Actors relish the sports film perhaps because
they get to be authentic heroes. Robert de Niro put on about 27kg to
play the retired Jake LaMotta in Raging Bull and won a best actor Oscar.
Christian Bale lost 14kg for The Fighter (2010) on his way to a best
supporting actor Oscar. Alas, Brad Pitt's only violence in Moneyball was
against an inanimate water cooler, evidently not evocative enough to
win the film a single golden gnome yesterday.
The Academy Awards have a fascination with all
sport because people do. Even old stoneface Charlton Heston's best
scene in Ben-Hur was the race. Indeed, a magazine states that sports
films have earned 137 nominations and won 30 Oscars in various
categories. Don't be surprised: apparently, Oscar voters are 77 per cent
male and what else do we do but sit on our sofas and wish we were The
Cinderella Man.
On the screen, recreating history is
irresistible. Pick a few runners, fiddle with the facts a little, find
music to tug at the heart and you get Chariots Of Fire. Fiction does
just as well. An unknown actor writes a script, peddles it in Hollywood,
demands to act in the title role, does many push-ups and hey presto we
get Sylvester Stallone as and in Rocky. Both films won best picture
Oscars.
The sporting field on screen is seductive for
it carries, mostly, the promise of the happy ending. Certainly, we are
suckers for sentiment. It can be Sandra Bullock's tough sporting mama in
The Blind Side (best actress Oscar), the dreaming cyclist in Breaking
Away (one Oscar) or Kevin Costner's idealistic Field Of Dreams (three
nominations).
But it's not all serious stuff. Shaolin Soccer
- and there is a paucity of excellent football films - is worth
watching simply because of its tagline: Get Ready To Kick Some Grass.
Happy Gilmore is no golf guide, Talladega Nights might upset true racing
fans and India's colonial cricketing epic, Lagaan, has rather uneven
batting technique. But we all watch and the reasons go beyond escape.

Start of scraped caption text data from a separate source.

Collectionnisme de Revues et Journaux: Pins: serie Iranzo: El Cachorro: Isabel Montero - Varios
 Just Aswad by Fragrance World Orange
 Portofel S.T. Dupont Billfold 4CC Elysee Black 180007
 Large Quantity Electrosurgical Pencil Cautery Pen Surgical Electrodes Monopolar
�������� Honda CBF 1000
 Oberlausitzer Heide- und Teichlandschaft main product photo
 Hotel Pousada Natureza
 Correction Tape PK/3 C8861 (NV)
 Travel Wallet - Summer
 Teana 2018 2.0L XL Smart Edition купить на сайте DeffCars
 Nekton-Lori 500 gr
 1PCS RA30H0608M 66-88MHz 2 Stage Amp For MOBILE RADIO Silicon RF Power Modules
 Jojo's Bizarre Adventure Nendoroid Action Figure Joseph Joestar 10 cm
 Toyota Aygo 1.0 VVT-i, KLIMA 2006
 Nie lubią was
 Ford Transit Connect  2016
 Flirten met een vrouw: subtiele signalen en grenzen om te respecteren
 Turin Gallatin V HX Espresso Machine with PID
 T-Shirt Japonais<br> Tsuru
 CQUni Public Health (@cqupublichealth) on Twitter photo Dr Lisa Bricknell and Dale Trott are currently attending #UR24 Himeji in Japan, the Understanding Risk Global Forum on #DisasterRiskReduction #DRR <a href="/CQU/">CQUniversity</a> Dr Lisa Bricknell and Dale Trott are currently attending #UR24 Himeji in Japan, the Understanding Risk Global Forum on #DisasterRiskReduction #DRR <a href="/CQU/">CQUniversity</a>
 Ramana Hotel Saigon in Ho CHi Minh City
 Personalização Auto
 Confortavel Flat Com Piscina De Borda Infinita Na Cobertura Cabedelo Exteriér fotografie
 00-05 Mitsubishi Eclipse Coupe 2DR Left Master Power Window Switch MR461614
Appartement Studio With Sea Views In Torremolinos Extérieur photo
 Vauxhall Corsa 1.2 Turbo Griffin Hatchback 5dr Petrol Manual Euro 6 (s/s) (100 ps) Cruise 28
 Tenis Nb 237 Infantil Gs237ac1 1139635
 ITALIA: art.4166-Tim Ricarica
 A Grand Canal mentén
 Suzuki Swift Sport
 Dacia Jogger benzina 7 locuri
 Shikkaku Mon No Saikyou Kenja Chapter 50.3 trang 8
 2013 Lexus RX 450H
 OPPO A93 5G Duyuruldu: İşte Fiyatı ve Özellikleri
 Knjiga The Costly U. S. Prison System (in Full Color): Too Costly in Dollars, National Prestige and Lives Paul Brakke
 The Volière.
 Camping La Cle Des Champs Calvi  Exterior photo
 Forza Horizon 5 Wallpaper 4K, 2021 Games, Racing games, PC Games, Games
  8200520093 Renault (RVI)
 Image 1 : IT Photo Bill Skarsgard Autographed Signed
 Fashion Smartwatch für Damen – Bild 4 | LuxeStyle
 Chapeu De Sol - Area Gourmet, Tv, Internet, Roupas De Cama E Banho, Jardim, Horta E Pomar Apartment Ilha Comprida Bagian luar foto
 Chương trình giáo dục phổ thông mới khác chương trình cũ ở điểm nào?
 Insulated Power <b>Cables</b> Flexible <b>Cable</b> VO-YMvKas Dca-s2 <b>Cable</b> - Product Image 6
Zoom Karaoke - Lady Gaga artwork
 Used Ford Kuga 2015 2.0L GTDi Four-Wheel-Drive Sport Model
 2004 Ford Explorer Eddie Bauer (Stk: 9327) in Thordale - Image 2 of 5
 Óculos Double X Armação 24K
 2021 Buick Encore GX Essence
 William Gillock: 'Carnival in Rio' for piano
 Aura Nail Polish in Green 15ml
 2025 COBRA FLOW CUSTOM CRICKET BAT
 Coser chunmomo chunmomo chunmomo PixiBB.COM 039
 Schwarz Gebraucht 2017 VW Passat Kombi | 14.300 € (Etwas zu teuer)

Real life might have multiple cameras, but it
doesn't have music, lighting and retakes to ensure the home run is hit
at sunset. Real life is field-centric and offers us limited access into
the athlete's world, but screen life portrays their sacrifice, the
disappointment, the private hells.
Real life moves us, but the screen - as in
Invictus - can educate a wider audience on what a rugby victory meant to
a nation. One last thing. Real heroes mutter cliches, screen ones have
writers. Like Eric Liddell, the strong Christian, yanking at your heart
when he says in Chariots Of Fire: 'I believe God made me for a purpose,
but he also made me fast.'
Indeed, there's no escaping the tart film
dialogue. Lose a golf bet and your buddy might drawl 'show me the
money'; construct a new stadium and the Field Of Dreams' legendary line
of 'if you build it, he will come' is recalled; and, if ever your kid
agrees to wash the car, kindly quote Mr Miyagi's 'Wax on, wax off'.
Being a sports film junkie - I've even seen
Gymkata and please don't - I have my own favourite. When I win in
tennis, even against a guy who looks like he's carrying twins, I think
if I had practised as a kid, 'I coulda been a contender'. Marlon Brando
said that in On The Waterfront, which wasn't a sports film but won an
Oscar for screenplay writer Budd Schulberg. Fittingly, he was once a
sportswriter.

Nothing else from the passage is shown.